Now this is a simple question, but I still ask it for clarification:

I know that an even signal $$h[n] = h[-n]$$ results in a real-valued DTFT (we have proven that in class). Now my question is the following: does a real-valued DTFT also result in an even signal? Would this mean, that the signal of the real DTFT is always acausal?
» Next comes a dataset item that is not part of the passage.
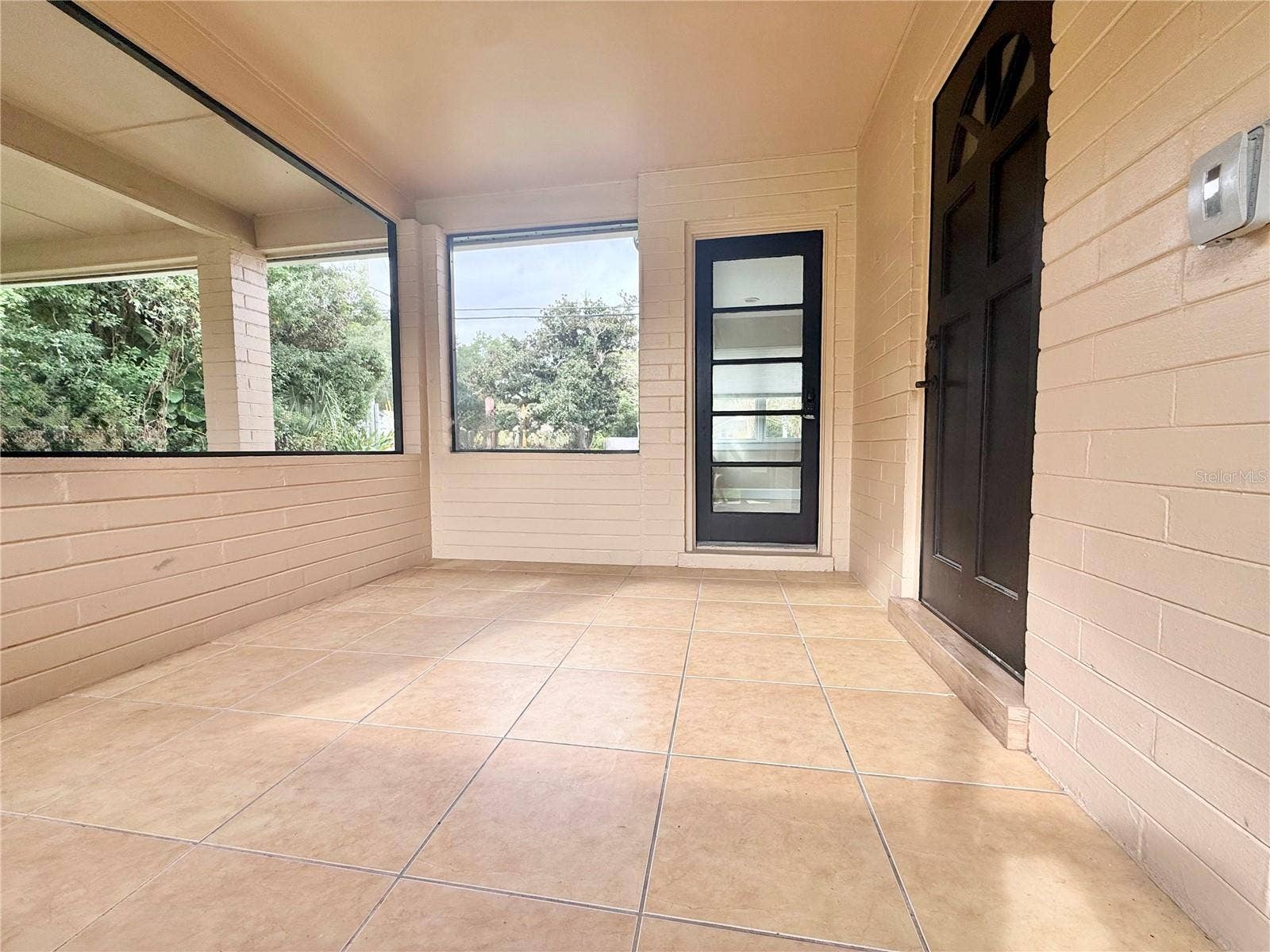 932 W PRINCETON STREET, Orlando, FL 32804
The proof is quite straightforward. With

$$x[n]=\frac{1}{2\pi}\int_{-\pi}^{\pi}X(e^{j\omega})e^{jn\omega}d\omega\tag{1}$$

and with $$X(e^{j\omega})=X^*(e^{j\omega})$$ (i.e., a real-valued DTFT) we get

\begin{align}x[-n]&=\frac{1}{2\pi}\int_{-\pi}^{\pi}X(e^{j\omega})e^{-jn\omega}d\omega\\&=\frac{1}{2\pi}\left[\int_{-\pi}^{\pi}X^*(e^{j\omega})e^{jn\omega}d\omega\right]^*\\&=\frac{1}{2\pi}\left[\int_{-\pi}^{\pi}X(e^{j\omega})e^{jn\omega}d\omega\right]^*\\&=x^*[n]\end{align}

i.e., if $$X(e^{j\omega})$$ is real-valued we obtain

$$x[n]=x^*[-n]$$

(or $$x[n]=x[-n]$$ if $$x[n]$$ is real-valued).

So it's true that a real-valued DTFT cannot correspond to a causal sequence, other than the trivial sequence $$x[n]=a\delta[n]$$ with $$a\in\mathbb{R}$$.

• Thank you a lot! : ) – Phobos Mar 9 '20 at 9:24